In the same way, there is much intentional or non-intentional sharing of misinformation, often referred to as fake news [31, 32]. A computer program that can deal with sentiment well might be able to identify tweets with specific content and others with opposite or contradictory content. We did not, for example, investigate tweets that suggested the COIVD-19 pandemic should not be taken seriously. Instead, we considered reasons why people elected to share content. Representative examples are provided in Table 21.
Many other investigations are possible. For example, could the impact of international protests be factored into the sentiment analysis? Is it possible to identify a “tipping” point where people realized the importance of being vigilant (wearing masks, etc.) based on posts reported by infected people relaying the seriousness of the disease to others?

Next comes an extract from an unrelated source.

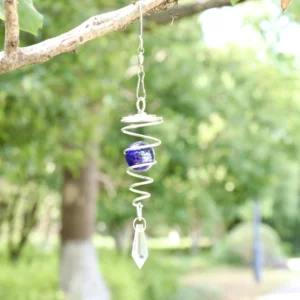 Carillon Éolien Spirale Rotative Pendentif Boule Cristal Suspendu – Image 3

Twitter has been used for social debates and expressions of public opinion (e.g., [33]). No doubt, it will continue to be used in this manner for topics of large, public impact. However, with millions of tweets being generated each day, our study has involved a limited number of texts, restricted to those written in English. It would be useful to expand the categories of sentiment we use as well as well as to determine whether there was any age group or gender differences in the negative tweets. Finally, finding the true nuggets will, no doubt, require a huge, semi-automated approach, but doing so might help to identify insights that could lead to the development of better sentiment analysis tools.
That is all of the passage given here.